Com o pensamento na minha e nas gerações anteriores à minha, designadas garantes das futuras, aproveito este espaço para afirmar a minha persistência na denúncia de situações que colocam em causa a maioria das promessas eleitoralistas feitas (visando a área da saúde e da segurança das populações) pelos partidos políticos, em momentos como o que estamos a viver já com alguma intensidade. Não fosse a fraqueza de quem pretende ser poder e a irredutibilidade de quem manda e pode; não faltasse a essa entidade bom senso e vontade necessária para gestos patrióticos, poderíamos, estou em crer, ver alterado, neste domínio específico e noutros de igual importância, o estado das coisas correntes, a bem da Nação angolana. Bastaria que estivéssemos mais atentos ao que se passa em torno de nós, preocupando-nos em verificar através das políticas em curso, a conformidade das posturas ou o comportamento de concidadãos com responsabilidades na imposição da ordem que a sociedade deve ter.
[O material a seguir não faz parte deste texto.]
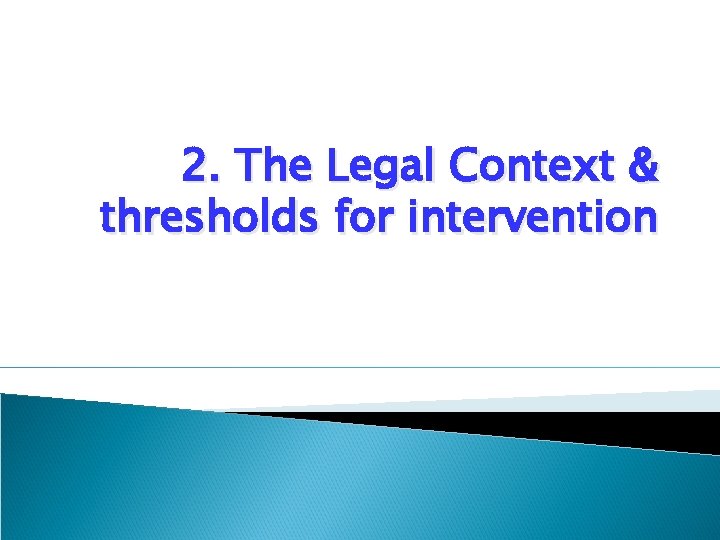 2. The Legal Context & thresholds for intervention 2. The Legal Context & thresholds for intervention
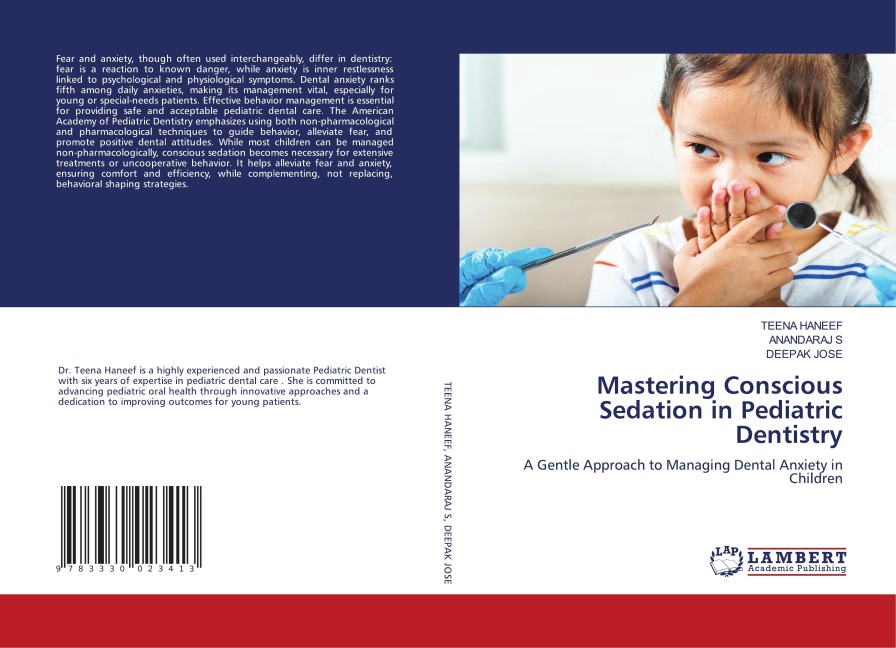 Mastering Conscious Sedation in Pediatric Dentistry: A Gentle Approach to Managing Dental Anxiety in Children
Não laboro no erro de apontar culpas exclusivas a uma certa juventude, parte dela viciada na prática e validação de erros crassos de conduta. Lamentavelmente não escapam ao inventário de maus costumes, cidadãos próximos da minha faixa etária, levados levianamente e por vários interesses, pelos mesmos erros dos mais novos. Preocupo-me com eles por serem os intérpretes da passagem dos testemunhos aos mais novos, afinal, os responsáveis pelo espírito de tolerância e sã convivência que prevaleça e contribua para o alcance do ambiente susceptível de um bom viver, próprio de sociedades organizadas, exactamente o que buscamos para o tal país que a propaganda apregoa há décadas. Um país onde seja possível viver bem o tempo de vida útil, envelhecer melhor com poucas dificuldades e, quando chegar a hora, morrer com alguma dignidade. 
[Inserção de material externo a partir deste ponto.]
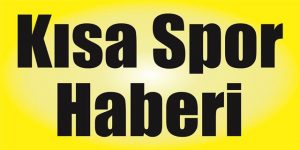 Kısa spor haberi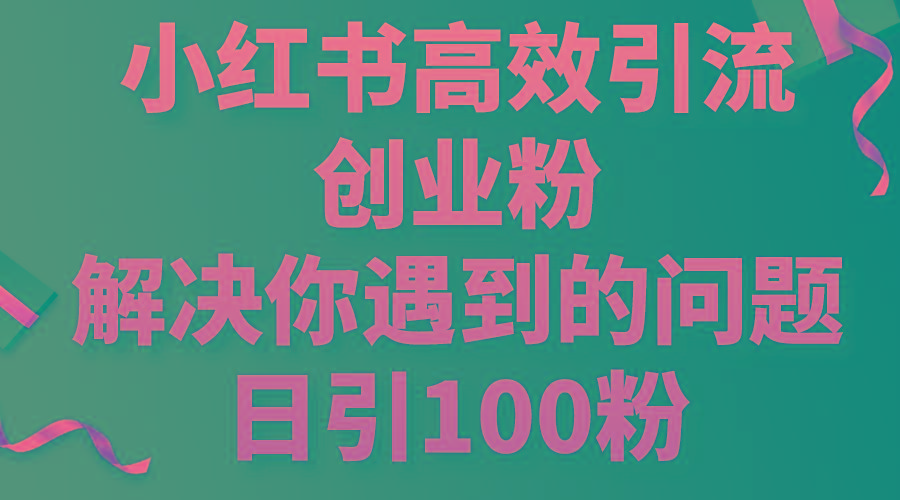 小红书高效引流创业粉，解决你遇到的问题，日引100粉-星禾网创星球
Infelizmente, Angola ainda é um país onde, ao invés do manifesto desejo da maioria, se evidencia a cada instante da vida uma lacuna gigantesca e aflitiva no que respeita à defesa dos direitos mais elementares dos cidadãos. E, cada vez mais, obrigam a que as pessoas se interroguem sobre os motivos que levam muitos dos nossos compatriotas, enquanto pessoas singulares ou em representação de partidos políticos ou ainda de órgãos e entidades estaduais republicanas, a enveredarem por comportamentos condenáveis, distanciados das necessidades da população, responsáveis pelos estados depressivos e retrógrados das gentes, de permanente e acumulado ódio e intolerância, levando-os a viverem e a fazerem que os seus semelhantes vivam vidas sem sentido, sem réstia de esperança e compreensão, sonhando diariamente com cenários de vingança, impossíveis de se enquadrar no país bom que desde sempre pretendemos construir. E tudo isso, fruto da maldade adquirida, da intriga estudada, da mentira de influenciadores com muito, pouco ou algum poder, às vezes ou quase sempre apegados ao status adquirido através de uma vida fácil e privilegiada, ou eventualmente por golpes miseráveis de alguns punhados de dólares. Não vai ser fácil derrotar esse perigo latente que tomou conta das pessoas e enevoa ainda as mentes beligerantes do tempo da refrega generalizada, embora saibamos todos, eles e nós, que mais cedo ou mais tarde estamos condenados a nos entender, não há como evitar isso. 

É claro que não é fácil para gente que nunca entendeu uma ideologia como doutrina, assumir o papel de democratas, incapazes de entender a igualdade e a democracia, essa coisa esquisita. Fica difícil adoptar essa prática aos que nunca defenderam valores que permitem o esquecimento de dores e queixas passadas. Acreditando sempre num futuro onde esses males possam ser relativizados e encarados como elemento importante do único e possível processo de envelhecimento de que ainda dispomos, teremos, se quisermos, a hipótese de um final de vida muito mais tranquilo e digno. 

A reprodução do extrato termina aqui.